* [WHAT YOU WILL DO]: In the records below, begin at the line that has "SE VENDE CASA" and stop after the line that has "Yeti 30oz Caza Morado Acero Inoxidable"; quote those lines verbatim and nothing more.

* [EXCERPTED DATA]:
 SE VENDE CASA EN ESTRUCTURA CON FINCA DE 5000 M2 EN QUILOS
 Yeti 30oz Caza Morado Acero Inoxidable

...

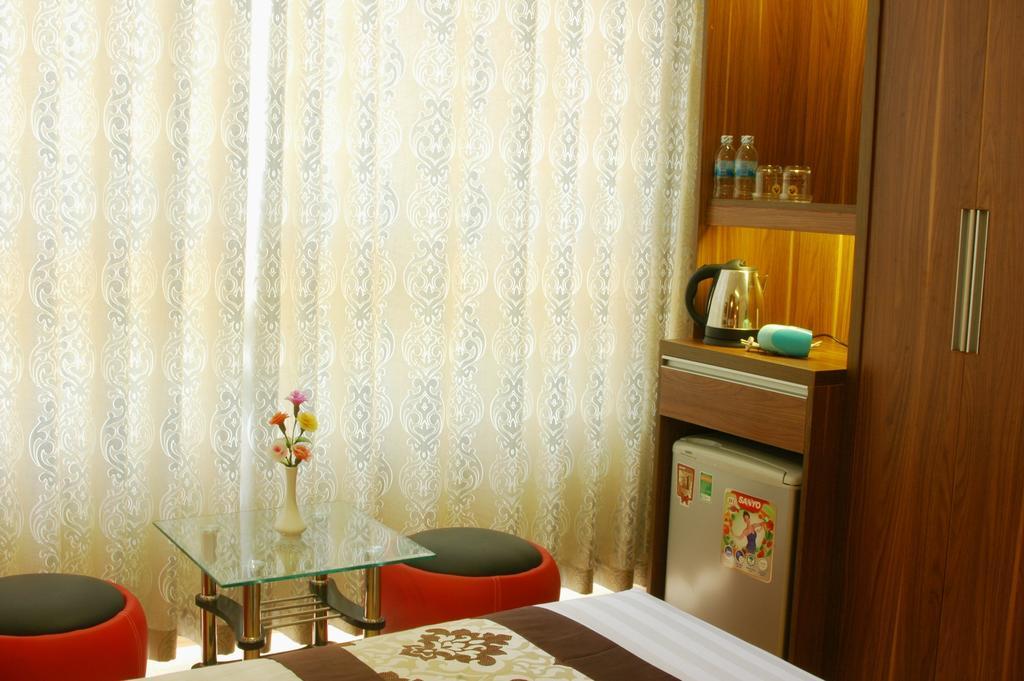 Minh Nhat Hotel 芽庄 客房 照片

...

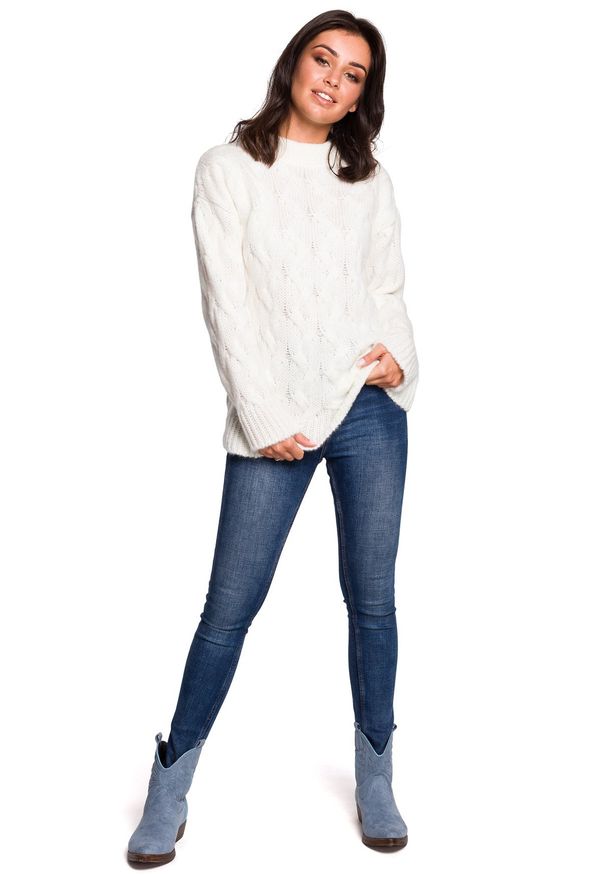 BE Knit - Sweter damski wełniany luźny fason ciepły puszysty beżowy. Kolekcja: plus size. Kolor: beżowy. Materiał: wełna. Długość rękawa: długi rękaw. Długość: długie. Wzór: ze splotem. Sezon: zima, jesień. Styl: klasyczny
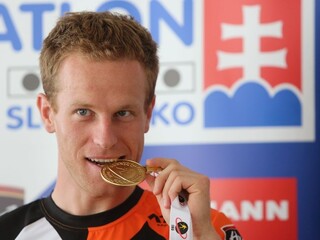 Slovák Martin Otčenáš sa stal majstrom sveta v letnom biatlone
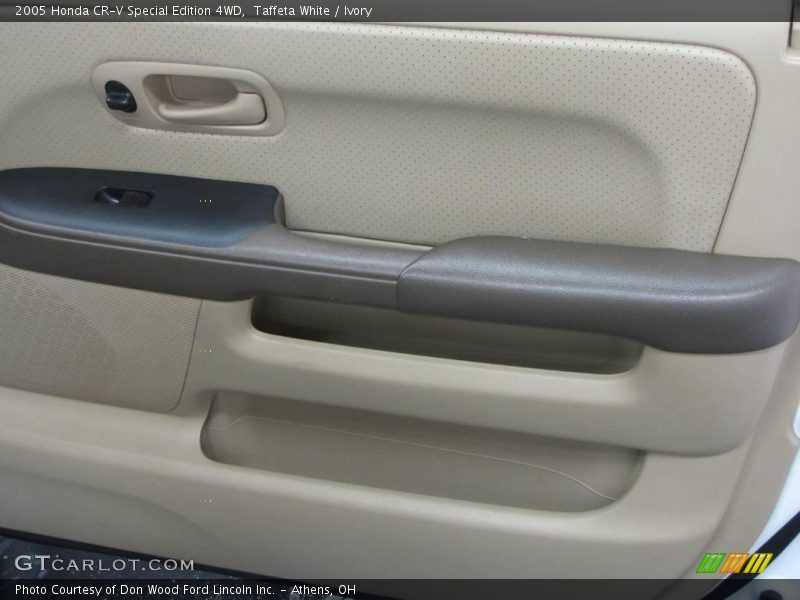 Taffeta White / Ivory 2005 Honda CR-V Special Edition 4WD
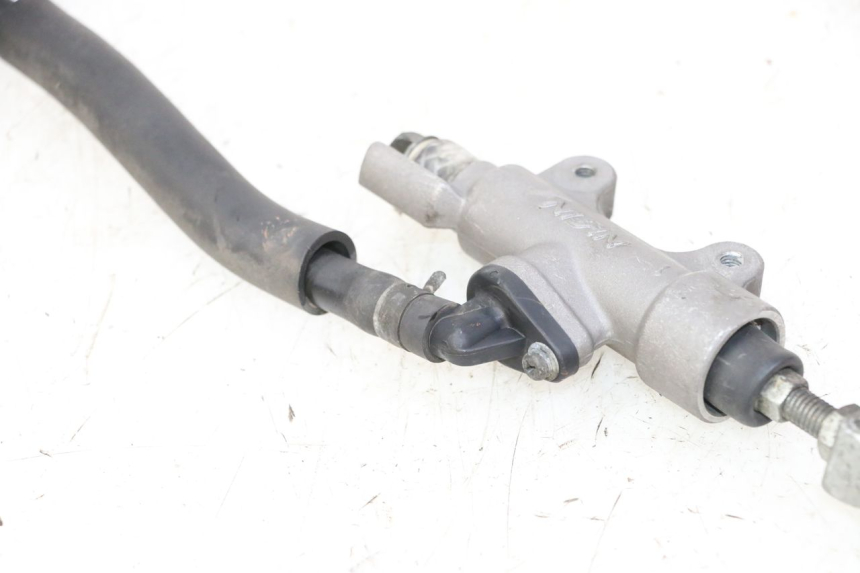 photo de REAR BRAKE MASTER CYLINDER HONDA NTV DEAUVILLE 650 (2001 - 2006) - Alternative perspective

* [FINAL ANSWER]:
 SE VENDE CASA EN ESTRUCTURA CON FINCA DE 5000 M2 EN QUILOS
 Yeti 30oz Caza Morado Acero Inoxidable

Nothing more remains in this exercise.